### Prompt
Straight copy, no pictures: transcribe each entry as it stands.

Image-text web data
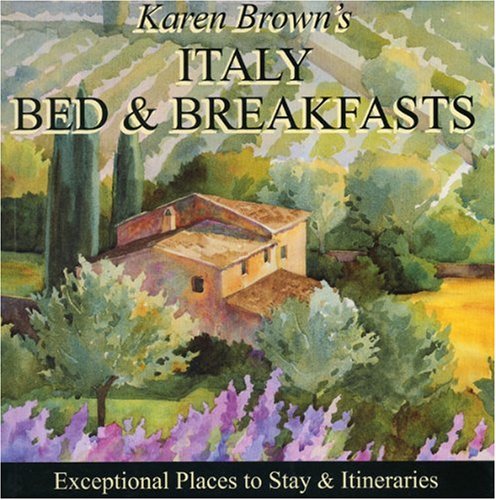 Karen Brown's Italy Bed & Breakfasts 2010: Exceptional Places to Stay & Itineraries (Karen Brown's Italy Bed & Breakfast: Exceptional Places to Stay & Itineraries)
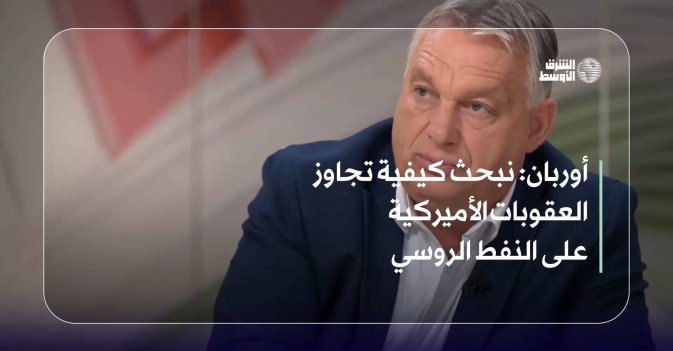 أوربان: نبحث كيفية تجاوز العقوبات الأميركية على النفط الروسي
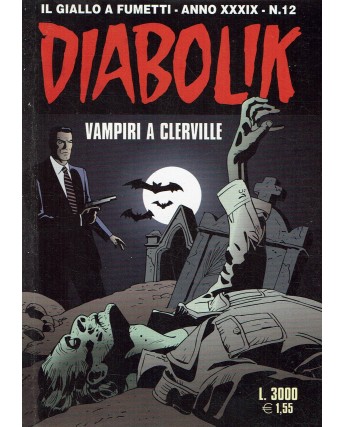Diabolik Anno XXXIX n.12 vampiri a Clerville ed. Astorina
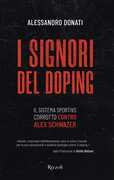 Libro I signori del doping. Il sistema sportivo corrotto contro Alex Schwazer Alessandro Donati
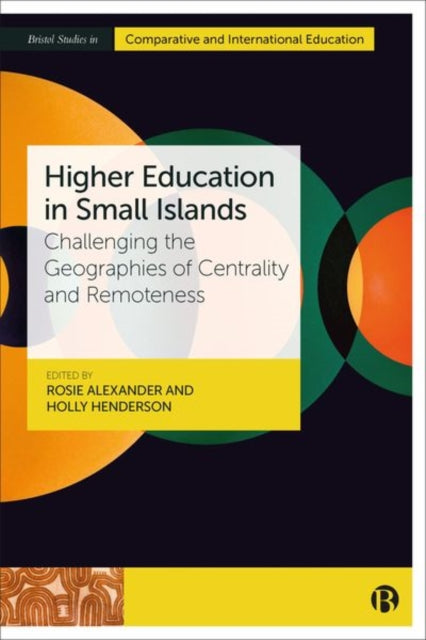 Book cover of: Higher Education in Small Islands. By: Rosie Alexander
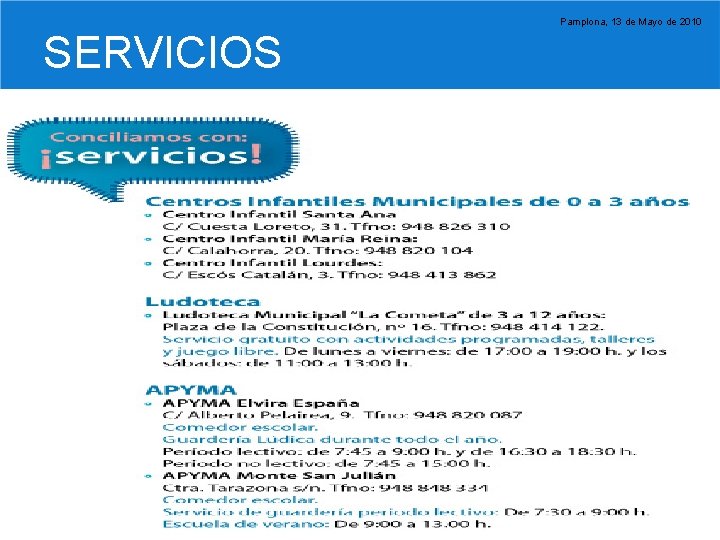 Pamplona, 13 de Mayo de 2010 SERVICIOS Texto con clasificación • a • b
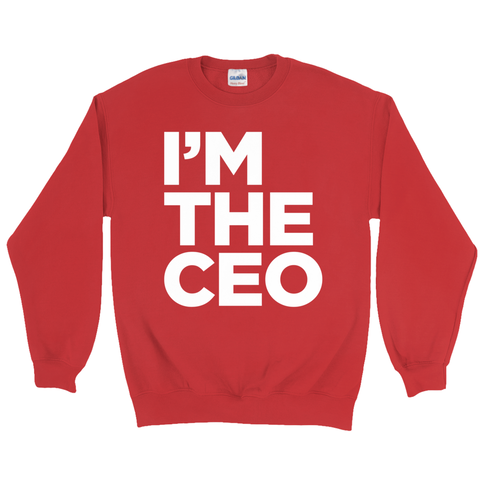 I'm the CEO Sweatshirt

### Exercise result
 Karen Brown's Italy Bed & Breakfasts 2010: Exceptional Places to Stay & Itineraries (Karen Brown's Italy Bed & Breakfast: Exceptional Places to Stay & Itineraries)
 أوربان: نبحث كيفية تجاوز العقوبات الأميركية على النفط الروسي
Diabolik Anno XXXIX n.12 vampiri a Clerville ed. Astorina
 Libro I signori del doping. Il sistema sportivo corrotto contro Alex Schwazer Alessandro Donati
 Book cover of: Higher Education in Small Islands. By: Rosie Alexander
 Pamplona, 13 de Mayo de 2010 SERVICIOS Texto con clasificación • a • b
 I'm the CEO Sweatshirt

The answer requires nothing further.